### Provided records

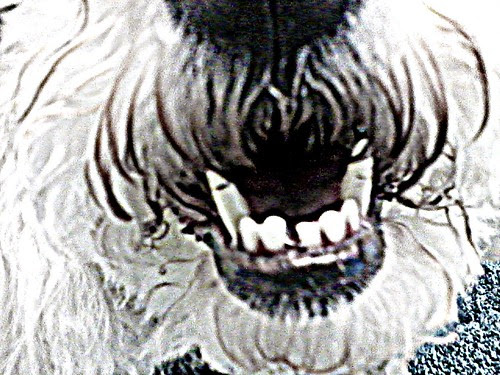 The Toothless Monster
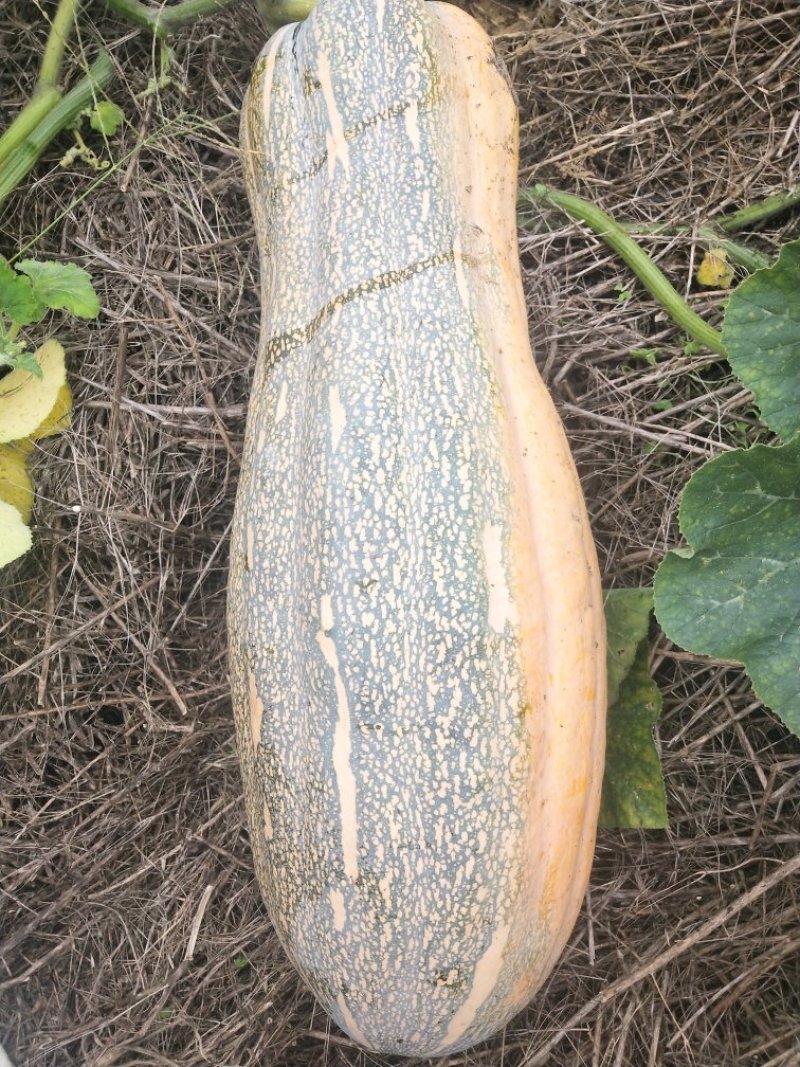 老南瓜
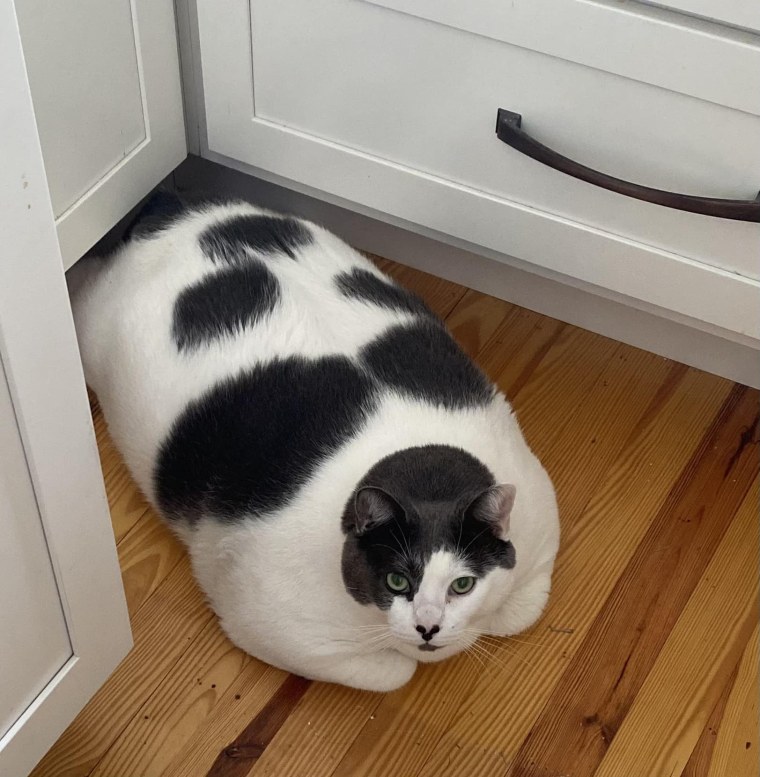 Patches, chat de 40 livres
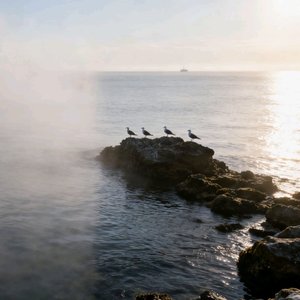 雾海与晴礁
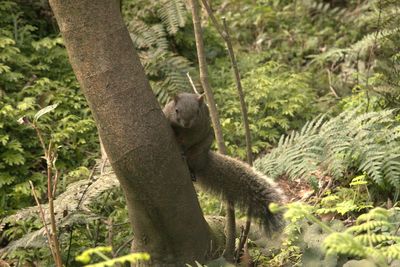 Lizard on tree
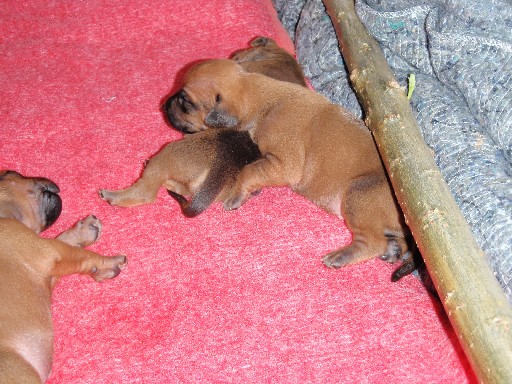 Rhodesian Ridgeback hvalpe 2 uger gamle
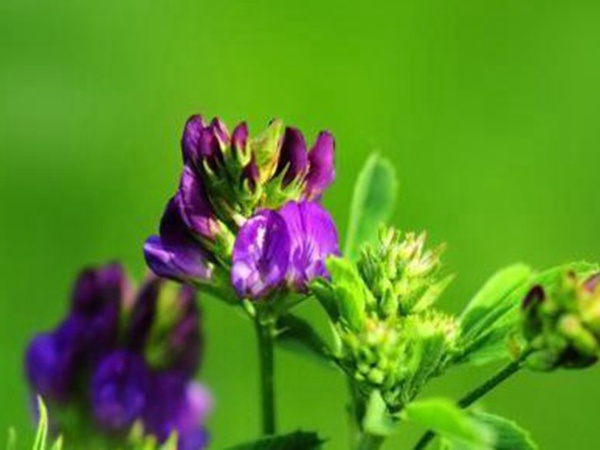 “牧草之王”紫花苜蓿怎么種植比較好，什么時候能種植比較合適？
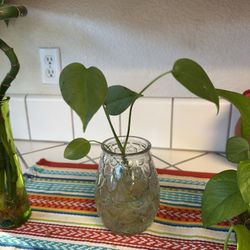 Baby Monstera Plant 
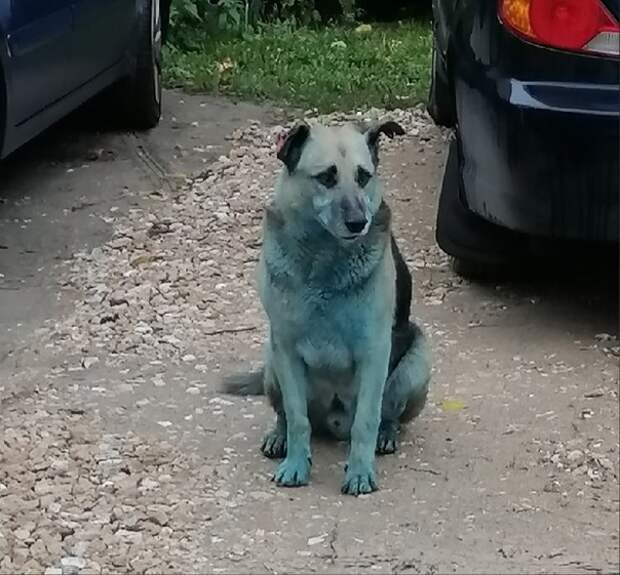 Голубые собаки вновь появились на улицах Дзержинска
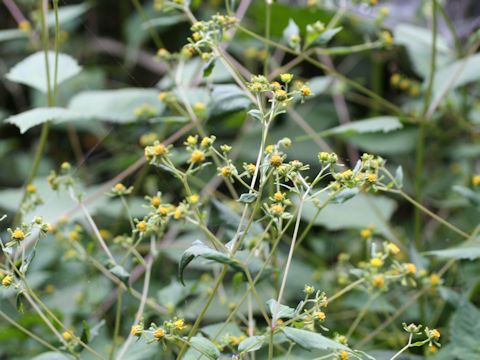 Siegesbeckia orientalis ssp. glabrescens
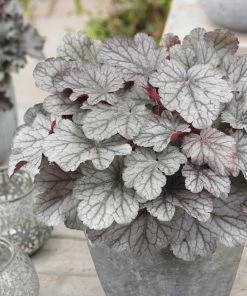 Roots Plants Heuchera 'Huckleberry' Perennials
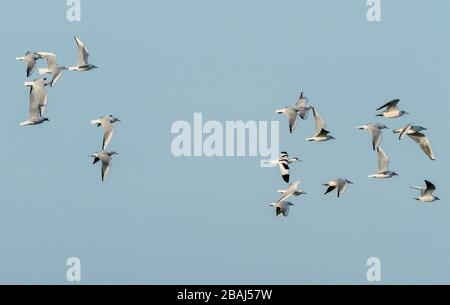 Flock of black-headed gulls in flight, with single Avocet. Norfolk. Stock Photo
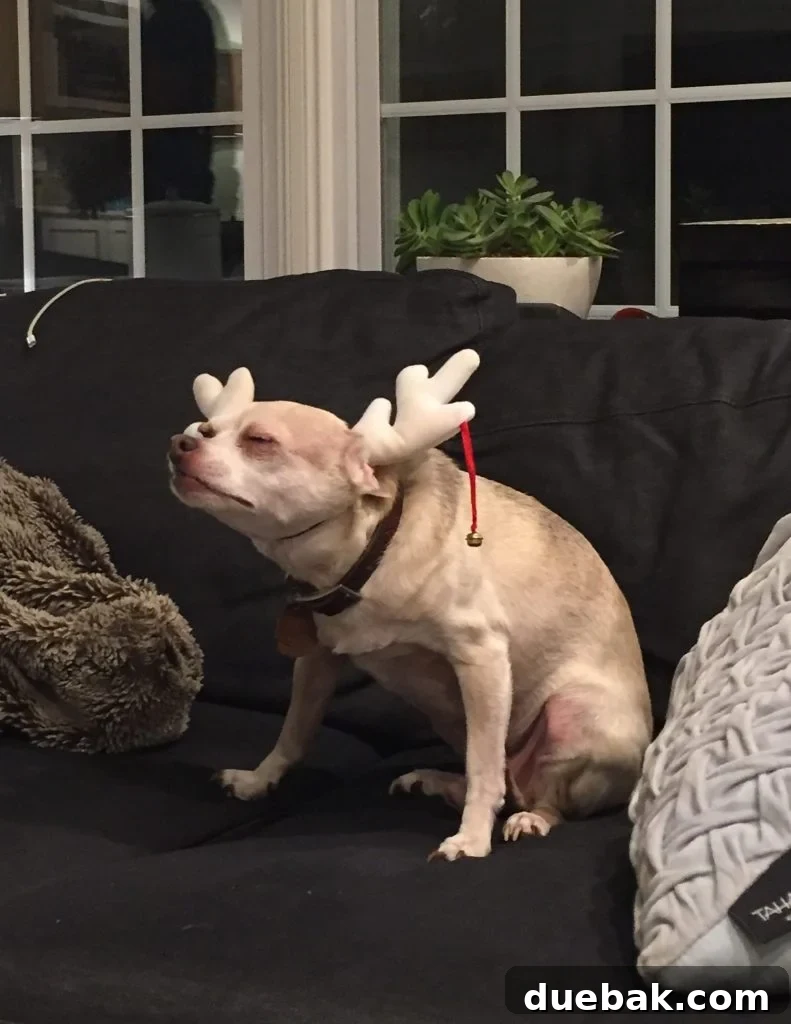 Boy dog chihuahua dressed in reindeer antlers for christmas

######

> Your assignment: Exactly the lines from the one containing "Baby Monstera Plant" through the end of the data above: repeat those, both ends included, and nothing else. Skip the pictures.

> Answer to the problem:
 Baby Monstera Plant 
 Голубые собаки вновь появились на улицах Дзержинска
 Siegesbeckia orientalis ssp. glabrescens
 Roots Plants Heuchera 'Huckleberry' Perennials
 Flock of black-headed gulls in flight, with single Avocet. Norfolk. Stock Photo
 Boy dog chihuahua dressed in reindeer antlers for christmas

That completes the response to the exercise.